Zanin restabelece condenação por injúria racial no STF

O ministro do Supremo Tribunal Federal (STF) Cristiano Zanin restabeleceu a condenação por injúria racial contra um homem que recusou um café com comentários racistas. O fato ocorreu em 2019 enquanto a vítima ajudava uma amiga a vender café. O homem recusou a oferta dizendo: "Não quero, porque já tomei café e também não quero ficar da sua cor", completando que "já causo polêmica sendo branco, imagina ficando da sua cor".

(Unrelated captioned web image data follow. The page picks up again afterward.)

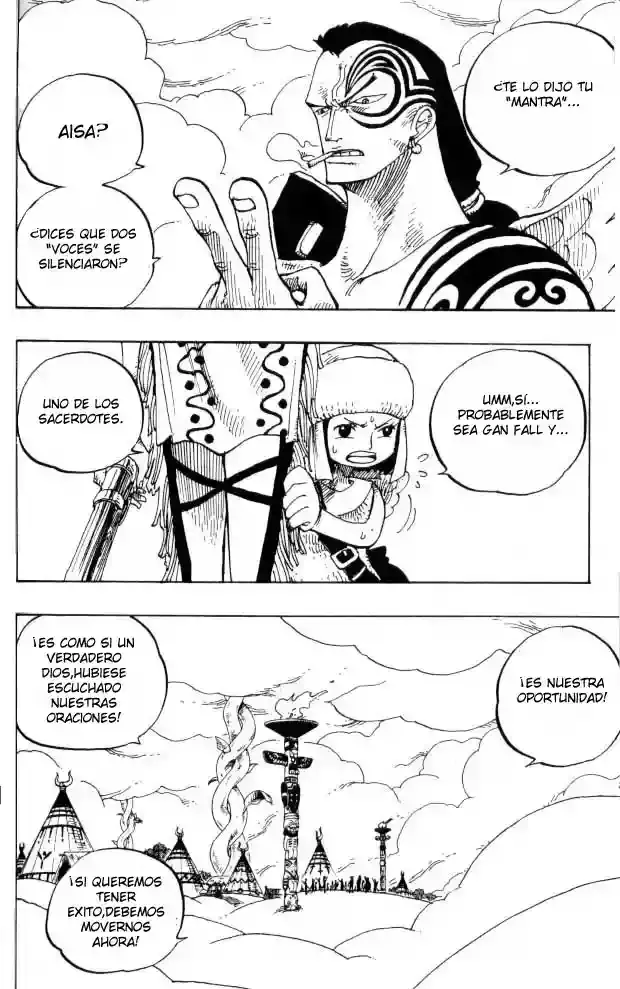 One Piece capítulo 251 página 2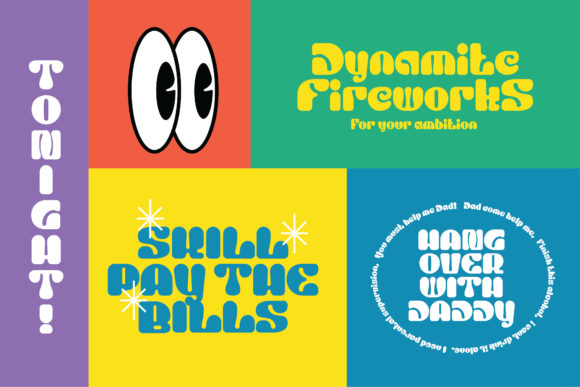 Daiquiri Font - Preview 3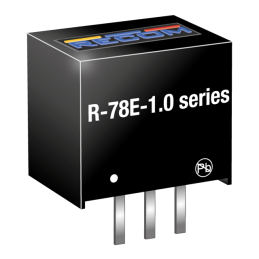 1 pcs : R-78E12-1.0/X9 - DC DC CONVERTER 12V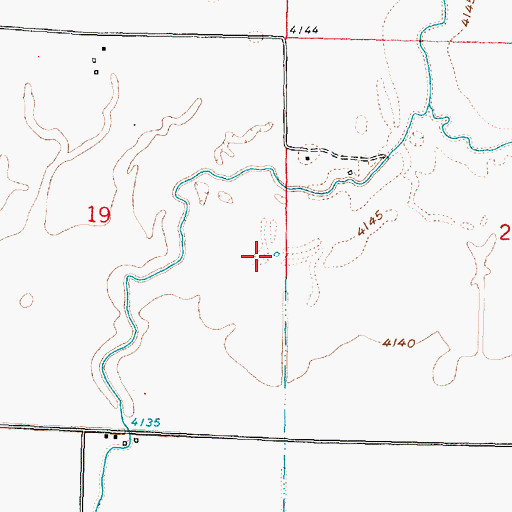 Topographic Map of Hotchkiss Well, OR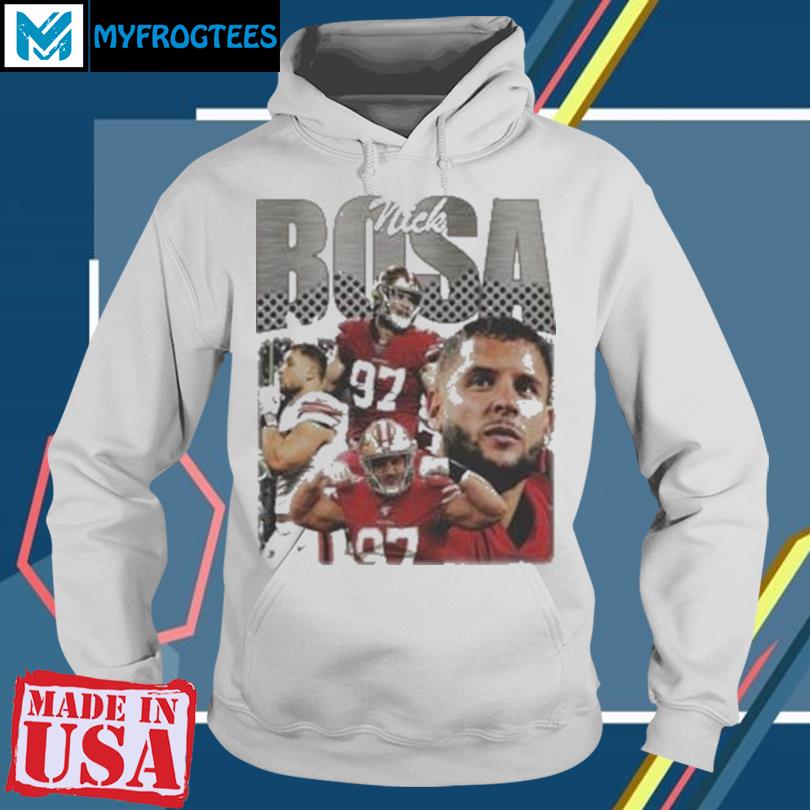 Official Nick Bosa 2023 Shirt, hoodie, sweater, long sleeve and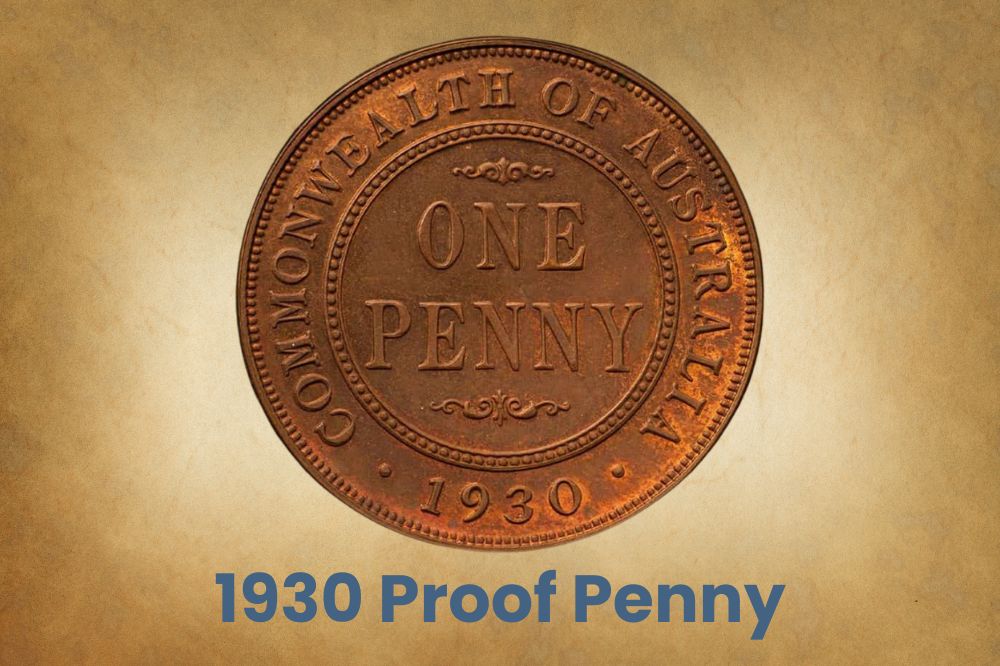 1930 Proof Penny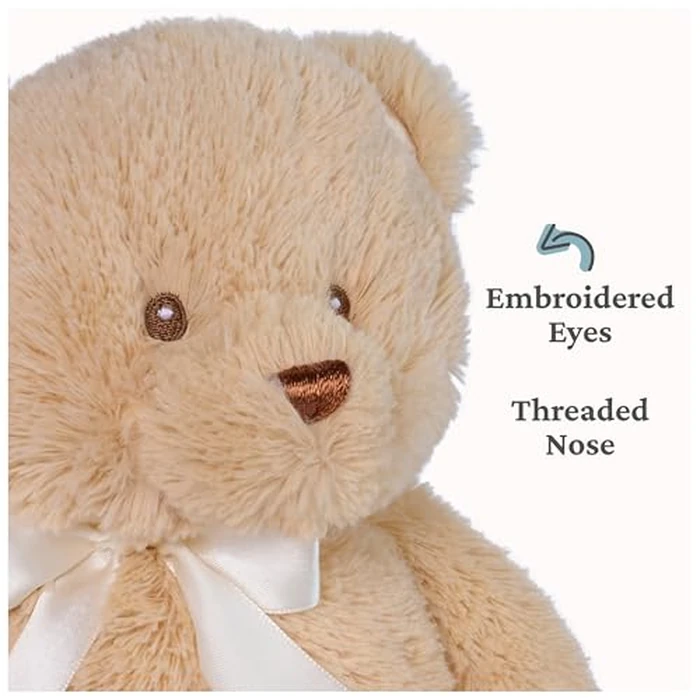 GUND Baby My First Teddy Bear, Ultra Soft Animal Plush Toy for Babies and Newborns, Light Brown/Tan, 10” by GUND - Image 4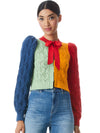 GILET KITTY À MANCHES BOUFFANTES-ALICE + OLIVIA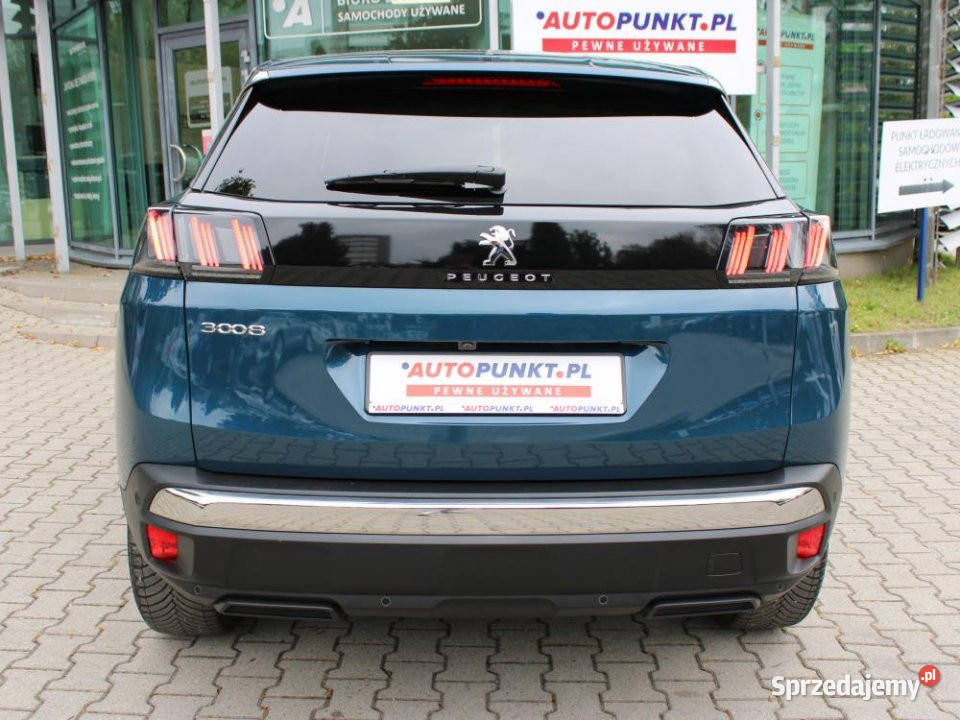 Peugeot 3008 2022r FV 23 Automat Nawigacja 99426km Chorzów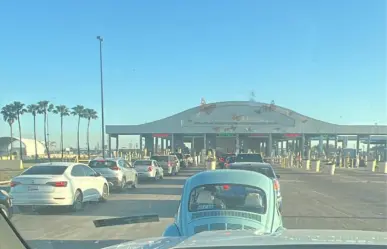EN VIVO: así están los puentes internacionales de Tamaulipas hoy 10 de marzo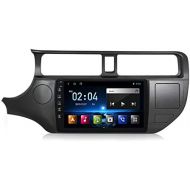 [아마존베스트]ADMLZQQ Android 10.0 Car Radio GPS Navigation for Kia Rio 2011-2016 HD Touchscreen Multimedia MP5 Player with Mirror Link Bluetooth Hands-Free Car + Carplay DSP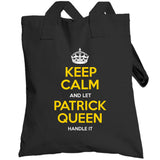 Patrick Queen Keep Calm Pittsburgh Football Fan T Shirt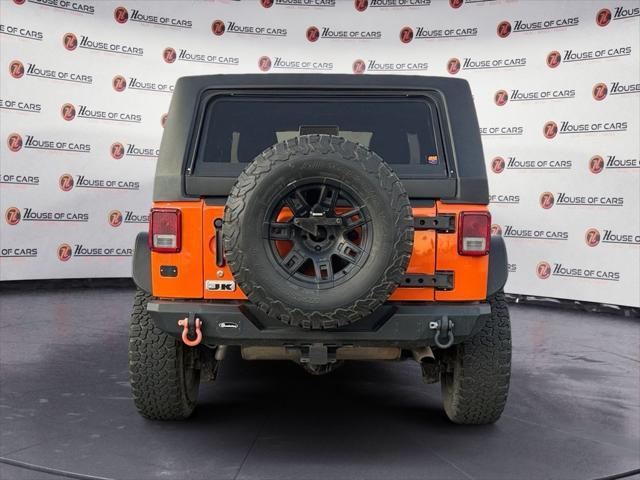 used 2012 Jeep Wrangler car, priced at $15,998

O Tribunal de Justiça de São Paulo (TJSP) havia absolvido o réu por "insuficiência de provas", alegando que não ficou demonstrada a intenção deliberada de ofender. Zanin cassou essa decisão e restabeleceu a sentença da primeira instância que condenou o homem a 1 ano, 6 meses e 20 dias de prisão em regime aberto, além de 14 dias-multa.

Para o ministro, a fala do réu se enquadra no chamado racismo recreativo, onde o agressor usa o humor como escudo para ofensas que reforçam o preconceito e a inferiorização racial. Segundo ele, o conteúdo das palavras já caracteriza o crime de injúria racial, e exigir a comprovação da intenção de ofender esvazia a proteção constitucional e ignora o racismo estrutural na sociedade brasileira.

Zanin ressaltou ainda que a Constituição Federal tem como um de seus objetivos eliminar toda forma de discriminação, condição essencial para uma sociedade justa e solidária. Ele lembrou decisão da Corte Interamericana de Direitos Humanos (CIDH), de 2024, que apontou falhas do Estado brasileiro em assegurar os direitos da população negra e determinou que casos de discriminação racial sejam investigados e punidos de forma rigorosa.